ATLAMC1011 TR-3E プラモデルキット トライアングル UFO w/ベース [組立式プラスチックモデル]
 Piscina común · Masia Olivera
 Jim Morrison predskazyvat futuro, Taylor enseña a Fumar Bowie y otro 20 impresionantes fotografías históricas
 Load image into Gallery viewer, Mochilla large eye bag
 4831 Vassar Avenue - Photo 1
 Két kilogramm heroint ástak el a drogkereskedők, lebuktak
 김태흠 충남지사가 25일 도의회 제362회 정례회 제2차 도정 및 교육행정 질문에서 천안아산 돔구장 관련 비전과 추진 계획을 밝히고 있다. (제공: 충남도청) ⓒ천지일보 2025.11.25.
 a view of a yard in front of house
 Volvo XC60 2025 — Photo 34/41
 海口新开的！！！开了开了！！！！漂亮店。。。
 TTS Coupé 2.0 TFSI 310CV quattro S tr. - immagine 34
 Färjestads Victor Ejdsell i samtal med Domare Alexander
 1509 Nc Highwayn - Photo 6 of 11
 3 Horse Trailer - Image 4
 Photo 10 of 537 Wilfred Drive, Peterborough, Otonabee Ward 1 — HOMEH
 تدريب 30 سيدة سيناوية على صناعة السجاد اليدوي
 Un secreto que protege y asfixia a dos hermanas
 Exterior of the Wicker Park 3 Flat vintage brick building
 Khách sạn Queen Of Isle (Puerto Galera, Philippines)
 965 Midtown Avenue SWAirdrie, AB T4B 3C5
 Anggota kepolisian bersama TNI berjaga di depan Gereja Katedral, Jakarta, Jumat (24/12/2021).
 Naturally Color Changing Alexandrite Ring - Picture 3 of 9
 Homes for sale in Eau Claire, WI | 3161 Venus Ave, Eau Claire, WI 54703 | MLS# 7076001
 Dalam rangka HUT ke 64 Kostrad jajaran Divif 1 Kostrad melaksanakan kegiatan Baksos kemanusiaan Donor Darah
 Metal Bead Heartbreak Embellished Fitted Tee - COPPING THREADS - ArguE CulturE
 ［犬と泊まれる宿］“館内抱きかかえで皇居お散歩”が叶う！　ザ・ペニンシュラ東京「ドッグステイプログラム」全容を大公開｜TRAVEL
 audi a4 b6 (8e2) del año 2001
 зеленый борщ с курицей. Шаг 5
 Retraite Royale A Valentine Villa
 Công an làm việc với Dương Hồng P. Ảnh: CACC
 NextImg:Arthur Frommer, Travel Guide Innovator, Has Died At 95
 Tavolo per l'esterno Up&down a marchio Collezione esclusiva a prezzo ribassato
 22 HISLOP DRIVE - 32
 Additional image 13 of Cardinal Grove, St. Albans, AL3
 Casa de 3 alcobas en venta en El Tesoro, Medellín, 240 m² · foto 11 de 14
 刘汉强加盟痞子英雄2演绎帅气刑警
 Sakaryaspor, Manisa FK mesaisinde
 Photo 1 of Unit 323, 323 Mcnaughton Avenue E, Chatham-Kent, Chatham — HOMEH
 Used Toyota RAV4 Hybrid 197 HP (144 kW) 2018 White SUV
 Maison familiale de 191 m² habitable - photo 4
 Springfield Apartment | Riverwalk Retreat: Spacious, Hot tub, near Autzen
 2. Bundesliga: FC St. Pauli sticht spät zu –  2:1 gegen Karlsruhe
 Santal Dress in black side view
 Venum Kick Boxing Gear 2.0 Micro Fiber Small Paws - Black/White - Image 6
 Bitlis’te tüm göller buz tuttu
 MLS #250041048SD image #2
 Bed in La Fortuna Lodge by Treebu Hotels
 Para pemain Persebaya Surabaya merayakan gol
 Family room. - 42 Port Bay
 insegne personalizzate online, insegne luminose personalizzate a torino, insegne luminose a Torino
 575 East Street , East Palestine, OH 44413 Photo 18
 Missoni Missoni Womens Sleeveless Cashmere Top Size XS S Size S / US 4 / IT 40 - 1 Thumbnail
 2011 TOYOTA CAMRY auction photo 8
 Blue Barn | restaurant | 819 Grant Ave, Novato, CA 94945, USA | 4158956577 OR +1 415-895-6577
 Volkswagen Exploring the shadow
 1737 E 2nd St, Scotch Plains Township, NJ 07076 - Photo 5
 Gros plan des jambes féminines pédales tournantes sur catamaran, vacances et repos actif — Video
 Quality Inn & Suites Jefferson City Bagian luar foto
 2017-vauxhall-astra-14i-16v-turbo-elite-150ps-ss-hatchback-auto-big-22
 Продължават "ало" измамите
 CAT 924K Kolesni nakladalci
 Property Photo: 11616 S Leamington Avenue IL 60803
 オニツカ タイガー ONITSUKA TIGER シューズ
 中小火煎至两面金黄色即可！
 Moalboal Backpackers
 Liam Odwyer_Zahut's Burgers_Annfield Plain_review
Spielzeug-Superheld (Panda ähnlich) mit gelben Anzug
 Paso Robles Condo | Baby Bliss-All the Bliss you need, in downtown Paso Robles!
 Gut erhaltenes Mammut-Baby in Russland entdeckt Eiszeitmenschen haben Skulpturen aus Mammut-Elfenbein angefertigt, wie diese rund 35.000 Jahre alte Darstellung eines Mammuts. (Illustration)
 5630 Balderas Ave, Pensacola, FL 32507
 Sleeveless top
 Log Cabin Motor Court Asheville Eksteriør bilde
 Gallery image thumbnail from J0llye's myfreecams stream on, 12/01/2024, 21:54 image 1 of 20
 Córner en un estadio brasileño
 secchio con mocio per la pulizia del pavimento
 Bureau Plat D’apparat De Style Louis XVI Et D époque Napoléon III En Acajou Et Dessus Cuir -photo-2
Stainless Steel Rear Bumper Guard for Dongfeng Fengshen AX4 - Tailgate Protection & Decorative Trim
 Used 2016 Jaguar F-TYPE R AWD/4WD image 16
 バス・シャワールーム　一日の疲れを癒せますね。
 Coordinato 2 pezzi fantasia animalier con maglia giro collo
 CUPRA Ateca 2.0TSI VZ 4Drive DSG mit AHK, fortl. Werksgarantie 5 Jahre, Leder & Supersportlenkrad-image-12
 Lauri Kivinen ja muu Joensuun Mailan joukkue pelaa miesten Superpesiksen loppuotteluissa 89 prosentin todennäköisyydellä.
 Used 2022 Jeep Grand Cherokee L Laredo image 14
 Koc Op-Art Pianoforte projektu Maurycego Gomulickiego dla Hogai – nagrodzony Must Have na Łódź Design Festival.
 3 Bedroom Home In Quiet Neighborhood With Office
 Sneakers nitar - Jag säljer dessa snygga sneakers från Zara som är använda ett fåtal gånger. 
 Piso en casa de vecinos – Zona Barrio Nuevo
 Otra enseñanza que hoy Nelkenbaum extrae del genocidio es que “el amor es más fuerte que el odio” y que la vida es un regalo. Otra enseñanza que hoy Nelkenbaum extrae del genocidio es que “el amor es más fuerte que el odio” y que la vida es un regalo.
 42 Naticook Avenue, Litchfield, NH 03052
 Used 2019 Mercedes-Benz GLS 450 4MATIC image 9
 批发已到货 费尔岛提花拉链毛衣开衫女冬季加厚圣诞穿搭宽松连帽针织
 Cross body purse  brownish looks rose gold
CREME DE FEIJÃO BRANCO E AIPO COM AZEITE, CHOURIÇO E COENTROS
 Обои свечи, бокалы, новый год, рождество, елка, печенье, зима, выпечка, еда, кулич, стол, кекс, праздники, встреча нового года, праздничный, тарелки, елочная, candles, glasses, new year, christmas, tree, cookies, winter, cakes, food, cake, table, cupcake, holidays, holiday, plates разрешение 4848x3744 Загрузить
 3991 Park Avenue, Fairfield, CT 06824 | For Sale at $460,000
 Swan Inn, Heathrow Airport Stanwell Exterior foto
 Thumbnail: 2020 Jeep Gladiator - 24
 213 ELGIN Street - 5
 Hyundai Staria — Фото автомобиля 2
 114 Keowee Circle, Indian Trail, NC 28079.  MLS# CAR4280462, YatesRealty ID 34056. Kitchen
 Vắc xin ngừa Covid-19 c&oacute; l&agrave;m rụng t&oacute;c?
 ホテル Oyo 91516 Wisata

■ ■ ■ ■ ■

PROBLEM:
Copy the stretch of the records above that runs from the line with "Volkswagen Exploring the shadow" through the line with "Moalboal Backpackers". Both end lines belong in the copy, and nothing else does.

RESULT:
 Volkswagen Exploring the shadow
 1737 E 2nd St, Scotch Plains Township, NJ 07076 - Photo 5
 Gros plan des jambes féminines pédales tournantes sur catamaran, vacances et repos actif — Video
 Quality Inn & Suites Jefferson City Bagian luar foto
 2017-vauxhall-astra-14i-16v-turbo-elite-150ps-ss-hatchback-auto-big-22
 Продължават "ало" измамите
 CAT 924K Kolesni nakladalci
 Property Photo: 11616 S Leamington Avenue IL 60803
 オニツカ タイガー ONITSUKA TIGER シューズ
 中小火煎至两面金黄色即可！
 Moalboal Backpackers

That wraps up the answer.